Keep the pictures out while you transcribe the listing below exactly.

# # #

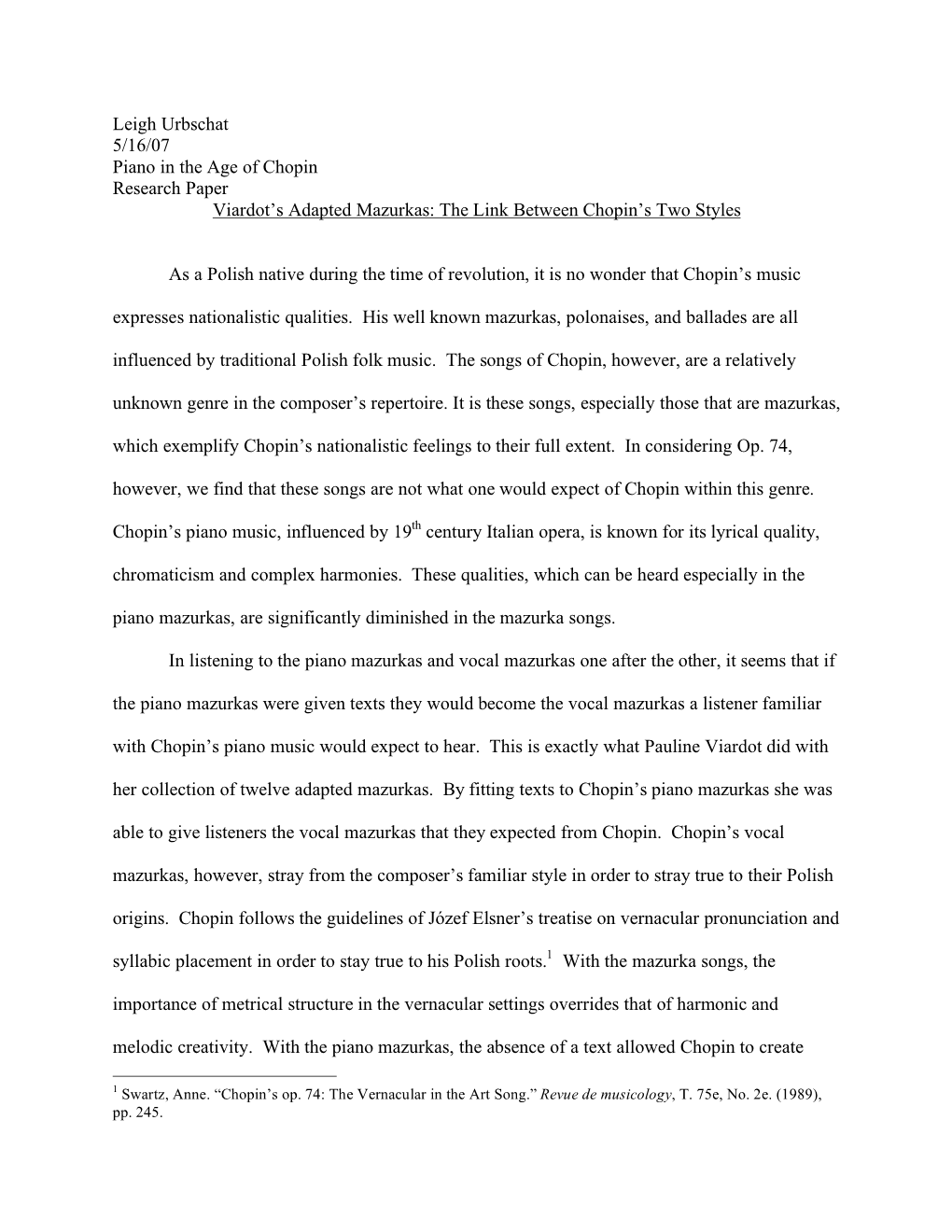 Chopin Research Paper 2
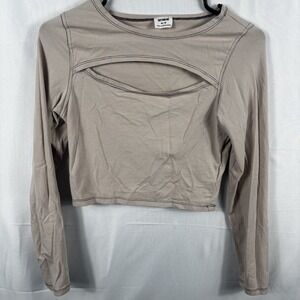 Cotton On Taupe Cut Out Cropped Long Sleeve Top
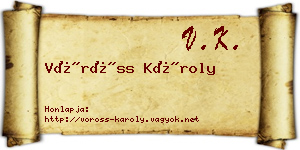 Vöröss Károly névjegykártya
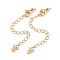 Brass End with Chains, Real 18K Gold Plated, 70mm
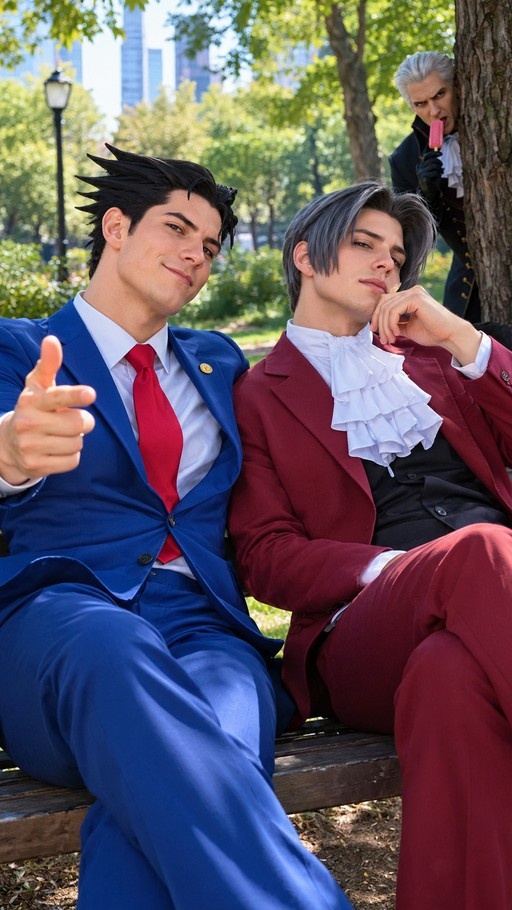 Phoenix Wright and Miles Edgeworth cosplayers sit on a park bench while Manfred von Karma eats a popsicle behind a tree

# # #

• _Response below_:
 Chopin Research Paper 2
 Cotton On Taupe Cut Out Cropped Long Sleeve Top
 Vöröss Károly névjegykártya
 Brass End with Chains, Real 18K Gold Plated, 70mm
 Phoenix Wright and Miles Edgeworth cosplayers sit on a park bench while Manfred von Karma eats a popsicle behind a tree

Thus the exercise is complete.